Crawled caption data
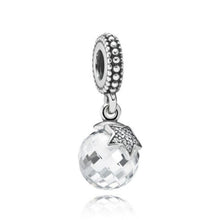 Load image into Gallery viewer, Pandora Retired Sterling Silver Moon and Star Dangle w/Clear Zirconia - 791392cz
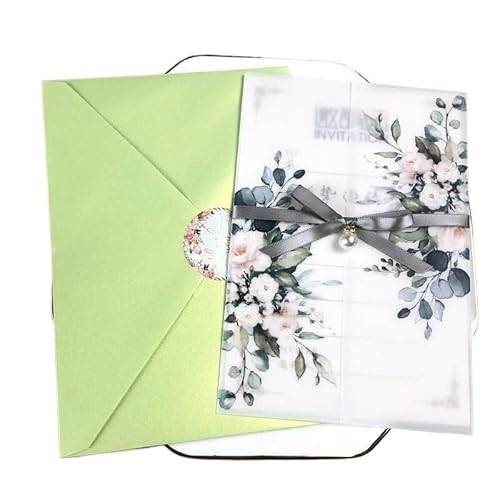 TGDGFKIAS Gefaltete Pergamentjacke, 25 Stück Grün Blush Pink Floral Klar Hochzeitseinladungen mit Umschlägen Sweet 15 Einladungen(Green,Blank set) von TGDGFKIAS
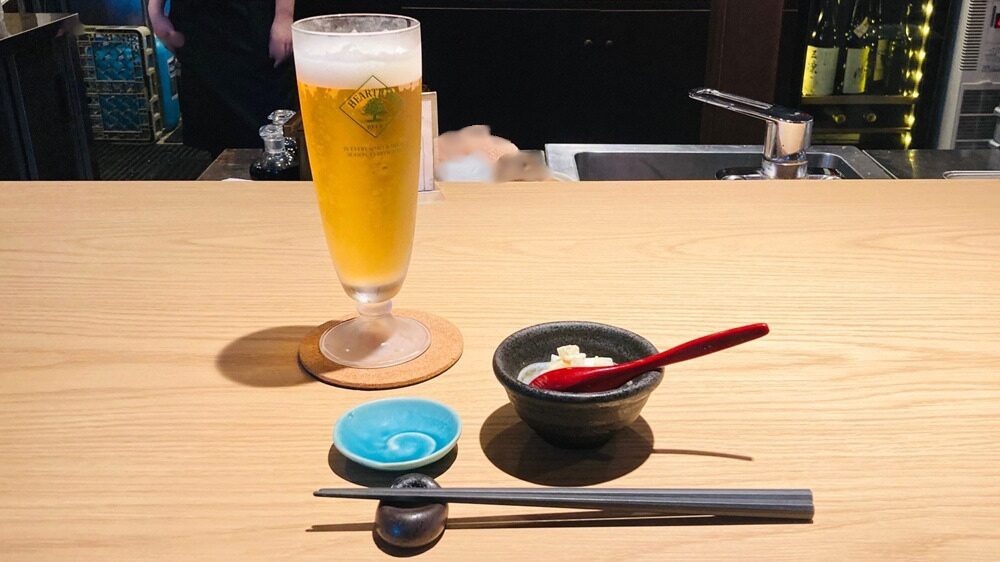 生ビールとお通し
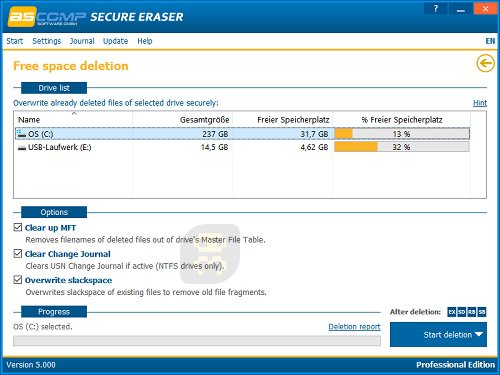 Secure Eraser Professional Edition 5.000 - Unrecoverable Files Cleanup Crack
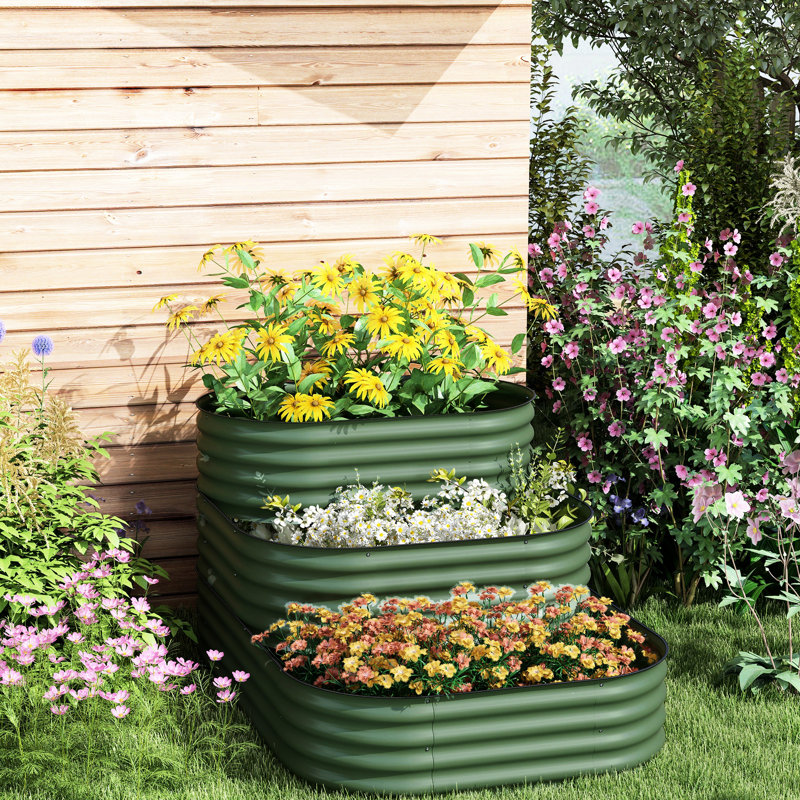 Ensemble de lit de jardin surélevé en acier galvanisé de 63,56 po x 43 po x 32,58 po. Trois niveaux pour une plantation diversifiée, espace ouvert, coffre-fort avec bordure en caoutchouc, 3 combinaisons de jardin pour divers besoins de jardinage, pour améliorer la gestion.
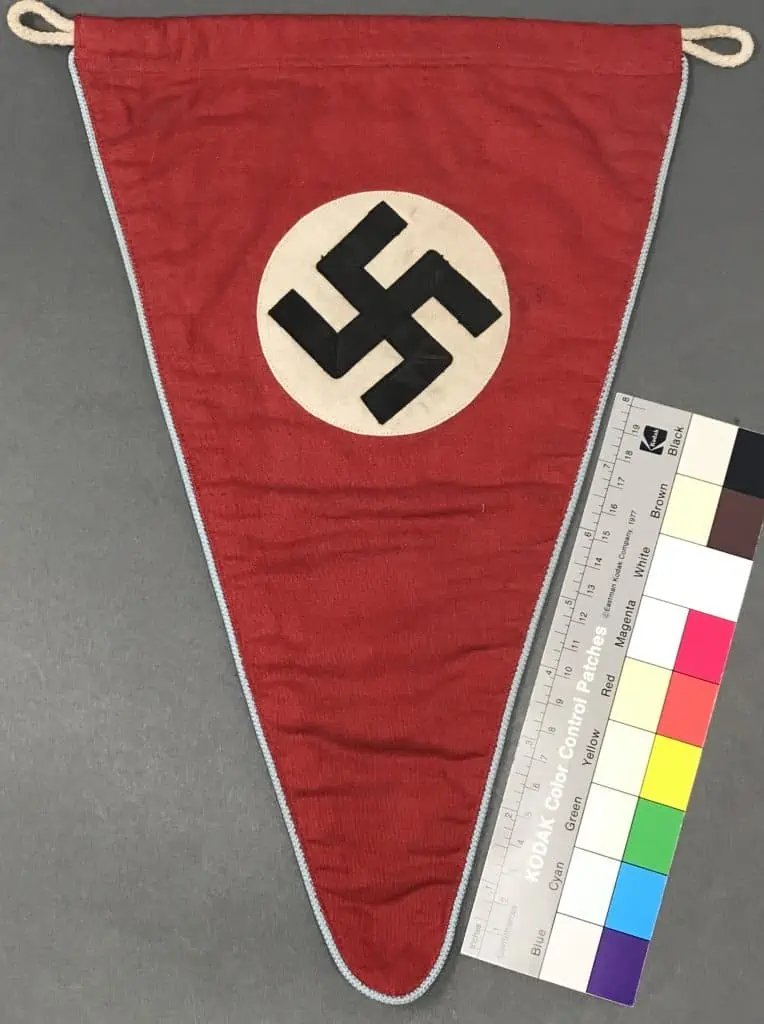 Original WWII German NSDAP (NAZI PARTY) Orts Level Political Leader's Super High Quality VEHICLE PENNANT. (Wimpel) Brought Home By A U.S. Veteran Certified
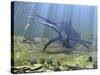 A Massive Shonisaurus Attempts to Make a Meal of a School of Squid-Like Belemnites-Stocktrek Images-Stretched Canvas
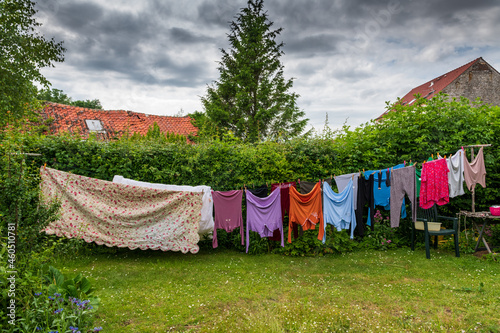 Laundry hanging in a garden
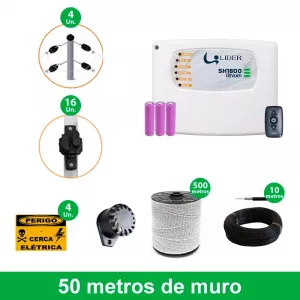 Kit Cerca Elétrica Industrial Lider Para 50 Metros de Muro c/ Big Hastes de 1 Metro
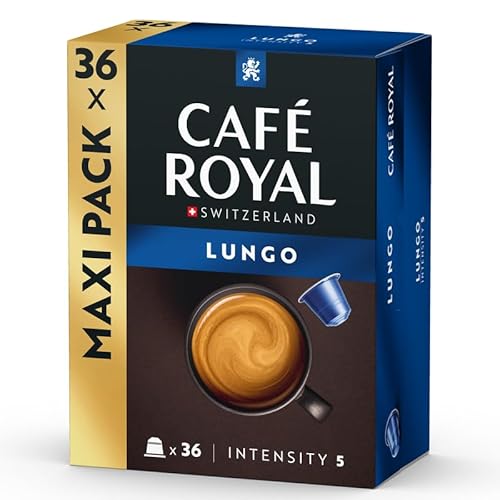 Café Royal Lungo 36 Kapseln für Nespresso Kaffee Maschine - 5 Intensität - UTZ-zertifiziert Kaffeekapseln aus Aluminium von Café Royal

Exercise: I need the lines from the one holding "Laundry hanging in a garden" through the last line of the entries set down exactly, with every picture left out.

Solution for this problem:
 Laundry hanging in a garden
 Kit Cerca Elétrica Industrial Lider Para 50 Metros de Muro c/ Big Hastes de 1 Metro
 Café Royal Lungo 36 Kapseln für Nespresso Kaffee Maschine - 5 Intensität - UTZ-zertifiziert Kaffeekapseln aus Aluminium von Café Royal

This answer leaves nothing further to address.